►

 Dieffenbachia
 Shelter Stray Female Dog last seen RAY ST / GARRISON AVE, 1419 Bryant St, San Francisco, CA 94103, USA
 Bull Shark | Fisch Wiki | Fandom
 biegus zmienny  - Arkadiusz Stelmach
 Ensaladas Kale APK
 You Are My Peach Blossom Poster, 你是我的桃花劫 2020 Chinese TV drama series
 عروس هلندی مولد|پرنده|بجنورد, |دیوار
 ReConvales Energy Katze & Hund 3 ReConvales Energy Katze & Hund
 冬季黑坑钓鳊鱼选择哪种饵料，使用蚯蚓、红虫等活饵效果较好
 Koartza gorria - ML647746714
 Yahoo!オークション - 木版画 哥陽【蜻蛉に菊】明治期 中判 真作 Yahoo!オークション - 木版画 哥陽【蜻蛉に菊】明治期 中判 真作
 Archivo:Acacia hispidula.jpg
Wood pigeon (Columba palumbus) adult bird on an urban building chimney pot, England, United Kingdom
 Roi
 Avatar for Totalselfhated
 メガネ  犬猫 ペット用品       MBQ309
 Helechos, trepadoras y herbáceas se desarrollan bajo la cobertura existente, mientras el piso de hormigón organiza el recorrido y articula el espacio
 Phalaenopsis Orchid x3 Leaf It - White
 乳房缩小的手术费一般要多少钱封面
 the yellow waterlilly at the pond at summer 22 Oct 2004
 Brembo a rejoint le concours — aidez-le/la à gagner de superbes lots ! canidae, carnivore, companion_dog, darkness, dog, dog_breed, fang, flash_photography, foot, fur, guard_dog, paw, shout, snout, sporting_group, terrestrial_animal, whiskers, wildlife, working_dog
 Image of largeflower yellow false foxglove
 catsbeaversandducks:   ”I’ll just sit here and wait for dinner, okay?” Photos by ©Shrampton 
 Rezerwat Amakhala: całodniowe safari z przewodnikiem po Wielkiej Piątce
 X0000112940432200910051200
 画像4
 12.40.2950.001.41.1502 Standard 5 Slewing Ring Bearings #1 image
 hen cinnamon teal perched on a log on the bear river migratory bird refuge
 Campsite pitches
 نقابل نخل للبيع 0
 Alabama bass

◄

▸ **Task item**
Give back exactly the lines from the line holding "Archivo:Acacia hispidula.jpg" through the last line of the listing, including both.

▸ **Result of the exercise**
 Archivo:Acacia hispidula.jpg
Wood pigeon (Columba palumbus) adult bird on an urban building chimney pot, England, United Kingdom
 Roi
 Avatar for Totalselfhated
 メガネ  犬猫 ペット用品       MBQ309
 Helechos, trepadoras y herbáceas se desarrollan bajo la cobertura existente, mientras el piso de hormigón organiza el recorrido y articula el espacio
 Phalaenopsis Orchid x3 Leaf It - White
 乳房缩小的手术费一般要多少钱封面
 the yellow waterlilly at the pond at summer 22 Oct 2004
 Brembo a rejoint le concours — aidez-le/la à gagner de superbes lots ! canidae, carnivore, companion_dog, darkness, dog, dog_breed, fang, flash_photography, foot, fur, guard_dog, paw, shout, snout, sporting_group, terrestrial_animal, whiskers, wildlife, working_dog
 Image of largeflower yellow false foxglove
 catsbeaversandducks:   ”I’ll just sit here and wait for dinner, okay?” Photos by ©Shrampton 
 Rezerwat Amakhala: całodniowe safari z przewodnikiem po Wielkiej Piątce
 X0000112940432200910051200
 画像4
 12.40.2950.001.41.1502 Standard 5 Slewing Ring Bearings #1 image
 hen cinnamon teal perched on a log on the bear river migratory bird refuge
 Campsite pitches
 نقابل نخل للبيع 0
 Alabama bass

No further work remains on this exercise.